IMF: global debt is approaching a record since 1948, Ukraine will cross 110% of GDP

Global public debt will exceed 100% of global gross domestic product by the end of 2029. In this case, this figure will reach a record high since 1948, the International Monetary Fund reported in october report Fiscal Monitor.
This is a worse scenario than was predicted before the coronavirus pandemic.
In the worst-case scenario (with a 5% probability), the debt will reach 124% in 2029.
In many of the largest economies, public debt already exceeds – or is projected to exceed – 100% of GDP. While the number of such countries is expected to gradually decline over the next five years, their share of global GDP is expected to grow.
This group includes Canada, China, France, Italy, Japan, the United Kingdom, and the United States. These countries have deep and liquid government bond markets and a wide range of fiscal policy instruments, which makes their debt risk moderate.
Smaller countries are facing much more acute fiscal difficulties, even though their debt is relatively small.
More than 55 countries are experiencing a debt crisis or are at high risk, although their debt is below 60% of GDP.
Ukraine's public debt is also on its way to exceeding 100% of GDP. This has already happened or may happen before the end of 2025.
Before the outbreak of the full-scale war, Ukraine was able to reduce its public debt to 48.9% of GDP, but since then it has grown significantly and, according to IMF estimates, will reach 108.6% this year, exceed 110% in 2026, and then begin to gradually decline.

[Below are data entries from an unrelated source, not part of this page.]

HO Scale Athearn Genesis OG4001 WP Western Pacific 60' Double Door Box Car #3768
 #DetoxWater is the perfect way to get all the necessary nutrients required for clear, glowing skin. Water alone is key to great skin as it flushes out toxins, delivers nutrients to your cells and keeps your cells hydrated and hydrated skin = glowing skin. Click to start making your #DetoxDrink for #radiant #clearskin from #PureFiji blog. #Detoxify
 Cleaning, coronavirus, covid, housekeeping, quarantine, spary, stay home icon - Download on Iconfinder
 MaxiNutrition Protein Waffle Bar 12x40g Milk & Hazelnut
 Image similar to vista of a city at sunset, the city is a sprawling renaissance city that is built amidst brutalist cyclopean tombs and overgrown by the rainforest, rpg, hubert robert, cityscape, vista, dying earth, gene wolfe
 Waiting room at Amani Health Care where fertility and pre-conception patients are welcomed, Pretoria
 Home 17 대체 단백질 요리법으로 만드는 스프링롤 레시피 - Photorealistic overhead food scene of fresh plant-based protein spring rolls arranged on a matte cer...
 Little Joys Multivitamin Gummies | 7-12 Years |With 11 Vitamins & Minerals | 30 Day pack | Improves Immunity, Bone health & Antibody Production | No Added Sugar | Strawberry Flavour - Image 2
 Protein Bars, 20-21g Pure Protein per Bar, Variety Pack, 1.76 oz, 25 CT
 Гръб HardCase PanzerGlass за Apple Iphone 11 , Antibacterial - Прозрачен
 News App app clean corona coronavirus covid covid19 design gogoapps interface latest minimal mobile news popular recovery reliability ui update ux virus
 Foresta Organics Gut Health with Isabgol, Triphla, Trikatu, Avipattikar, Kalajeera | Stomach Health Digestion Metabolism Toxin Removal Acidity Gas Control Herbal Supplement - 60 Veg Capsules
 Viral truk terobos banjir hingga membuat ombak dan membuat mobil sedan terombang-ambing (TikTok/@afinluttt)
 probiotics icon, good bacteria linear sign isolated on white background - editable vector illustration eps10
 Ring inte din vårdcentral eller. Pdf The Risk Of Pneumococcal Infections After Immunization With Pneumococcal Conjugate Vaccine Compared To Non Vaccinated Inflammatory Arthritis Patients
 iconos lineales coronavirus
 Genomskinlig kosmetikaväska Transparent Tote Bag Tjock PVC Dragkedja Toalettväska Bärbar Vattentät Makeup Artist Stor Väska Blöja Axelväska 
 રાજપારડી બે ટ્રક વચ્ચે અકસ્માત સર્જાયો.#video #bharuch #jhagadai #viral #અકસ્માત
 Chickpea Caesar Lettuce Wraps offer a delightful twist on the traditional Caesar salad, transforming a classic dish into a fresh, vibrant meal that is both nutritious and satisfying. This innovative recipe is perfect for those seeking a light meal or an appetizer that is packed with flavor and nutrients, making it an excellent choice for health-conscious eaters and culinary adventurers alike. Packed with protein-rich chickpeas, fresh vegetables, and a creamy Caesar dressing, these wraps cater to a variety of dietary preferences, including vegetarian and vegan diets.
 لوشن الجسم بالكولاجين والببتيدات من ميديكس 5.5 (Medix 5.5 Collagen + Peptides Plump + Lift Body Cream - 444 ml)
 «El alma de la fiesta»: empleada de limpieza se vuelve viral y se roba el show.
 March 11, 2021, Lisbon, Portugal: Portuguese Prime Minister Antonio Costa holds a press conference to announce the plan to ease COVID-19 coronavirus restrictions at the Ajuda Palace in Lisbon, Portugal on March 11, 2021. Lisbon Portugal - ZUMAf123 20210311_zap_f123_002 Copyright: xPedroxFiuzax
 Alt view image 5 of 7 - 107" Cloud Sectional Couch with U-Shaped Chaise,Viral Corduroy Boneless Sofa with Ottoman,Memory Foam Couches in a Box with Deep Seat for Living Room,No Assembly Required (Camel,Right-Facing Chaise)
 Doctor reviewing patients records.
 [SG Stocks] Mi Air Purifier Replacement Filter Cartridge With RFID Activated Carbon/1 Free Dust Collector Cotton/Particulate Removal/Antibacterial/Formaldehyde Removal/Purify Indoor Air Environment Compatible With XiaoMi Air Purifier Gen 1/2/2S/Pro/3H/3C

The IMF points out that the debt situation has changed dramatically compared to the period between the 2008 global financial crisis and the pandemic. Back then, debt growth was accompanied by lower interest rates, which stabilized debt service costs.
Interest rates have risen significantly on global markets, and their future trajectory is highly uncertain. Debt service costs are already putting pressure on budgets.
At the same time, spending on defense, disaster relief, new technologies, demographic change, and development is growing. All this is happening against the backdrop of political resistance to tax increases.
The IMF recommends that countries reorient public spending to education and infrastructure, improve spending efficiency and governance, and that countries with insufficient tax capacity gradually increase tax revenues above 15% of GDP.